While writing the book, Thomas researched the deterioration of inner city communities, reviewed police procedures, and even the coroner's report of Trayvon Martin.
How was it to live with such difficult material day in, day out?
It was hard. I had to read the transcripts from the Michael Brown case. I've read stuff like that. So emotionally a lotta times I cried. A lot of times I was angry. But I allowed myself to feel those things because in turn it came out in the paper. It came out in my words. I think sometimes people tell writers, "Don't let yourself go there." Yeah, you should, because when you do it comes out in your words and it comes out in your writing. And now I have people who told me I made them cry. I'm like, "Oh well, I cried too."
Join the club.
We're even so…
This is gonna go up on my wall, seriously.

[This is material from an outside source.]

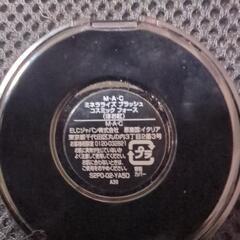 M.A.C チーク　アイシャドーの画像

Though the book has been praised for its handling of a difficult subject, some have bristled at the book's central theme — that black lives matter.
Has anyone said to you, "I really like your book, but you know, 'All lives matter'?"
Oh yeah. I've had that. And I've had those conversations. And, you know, I just have to tell people all the time, because when you say Black Lives Matter, they assume, "Oh, so it's anti-cop book." No. It's anti-police brutality. There's a big difference.
Have you gotten any pushback from people saying, "You are reinforcing stereotypes about black people who live in marginalized neighborhoods?"
You know, I haven't had that pushback, but I've had pushback where people say, "Why would you put them in the 'hood? Why is it another book about black people in the 'hood?" But I push back with that by saying, "Not everybody in the book that's black is in the hood." You know? Starr's Uncle Carlos and her Aunt Pam live in a very nice neighborhood, because not all of us live in the 'hood. I wanted to show both sides.
She also used that character–Uncle Carlos– to show both sides of law enforcement. He is a cop, and like her character, Thomas is related to police officers.
I wanted to show a good cop too, who not only does his job and does it well, but he holds his fellow officers accountable. For so many of us, that's the key issue right there. We don't see enough accountability. And I wanted to show that with this book, with a cop that does actually do it, and hopes that it would influence and inspire more cops to hold each other accountable.
During our visit to Jackson, Thomas spoke to an assembly of 9th graders from several public schools.
Please join me in welcoming one of our very own, Angie Thomas.
She's using her newfound fame as a platform…to encourage kids who grew up like she did….to write and to know their value.
I wanted to thrive even when nobody cared. I wanted to be seen and heard.
I've had kids like that tell me, you know, "We don't see ourselves on books." I've had young black girls just say, "Thank you for the cover," 'cause they see themselves on the cover. Then they hear it's gonna be a movie deal. They're like, "Wow, people actually wanna hear stories like ours?" Yes, somebody's listening. Somebody cares. Your stories are just as important as anybody else's. So to know that my book has shown them that and tells them that, I'm honored and I'm humbled to know that.